You're THE MAN Ed!!!




Ed said:


> we should also keep in mind that using only flies from the first emergence selects for flies that are intolerant to the conditions that occur after the first emergence which is why people see cultures crash after the flies begin to hatch.. Ed


Yep, I'm always careful to start new cultures with flies of varying ages. Not all in the same new culture. Different new cultures get different flies from established cultures.


----------



## ETwomey (Jul 22, 2004)

Come on, this is ridiculous. Someone has some anecdotal report of a certain medium working pretty well, maybe it increases his yields over time, maybe it doesn't. He is not trying to publish his results, nor make any sweeping conclusions based on uncontrolled and preliminary observations. Who goes through life running controls and replicates on everything they do? As Sports doc said, if seems to work, that is at least useful information and may be worth a try for some people. 

I just wanted to step in and defend someone who was simply providing a potentially useful observation. So thank you, Gary, perhaps I will give corn meal a try. 

On a side note, I have seen that when I try a new medium, the first few cultures are strong and vigorous, but after a few more weeks/months, subsequent cultures seem to get less and less vigorous. So maybe you will see an initial burst followed by a gradual return to how things were before.

Evan


----------



## gary1218 (Dec 31, 2005)

Ric Sanchez said:


> I just wanted to step in and defend someone who was simply providing a potentially useful observation. So thank you, Gary, perhaps I will give corn meal a try.


Thanks Evan. I don't think Ed was really trying to come down on me. I didn't really take it that way. He's just MUCH MORE of a "scientific guy" than I am 




Ric Sanchez said:


> On a side note, I have seen that when I try a new medium, the first few cultures are strong and vigorous, but after a few more weeks/months, subsequent cultures seem to get less and less vigorous. So maybe you will see an initial burst followed by a gradual return to how things were before.


Hmmmmmmm................that's interesting. I'll be curious to see if that happens with me.


----------



## james67 (Jun 28, 2008)

if you would add your cornmeal recipe to my FF recipes thread, it would be appreciated.

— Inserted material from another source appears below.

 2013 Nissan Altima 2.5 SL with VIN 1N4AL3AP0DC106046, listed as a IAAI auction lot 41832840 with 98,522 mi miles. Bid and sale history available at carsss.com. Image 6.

http://www.dendroboard.com/forum/food-feeding/58634-ff-media-recipes-list.html

thanks,
james


----------



## Pumilo (Sep 4, 2010)

Hey James, I'll throw mine up there. I think it's a bit different than the norm.
Doug


----------



## Ed (Sep 19, 2004)

gary1218 said:


> Thanks Evan. I don't think Ed was really trying to come down on me. I didn't really take it that way. He's just MUCH MORE of a "scientific guy" than I am


Just building on this comment.. 

Actually I wasn't coming down on Gary (and if you read further into the thread, I even responded to Shawn that there are good reasons to use corn as unlike potato it is a good source of carotenoids for the flies which can change their nutrtional value). 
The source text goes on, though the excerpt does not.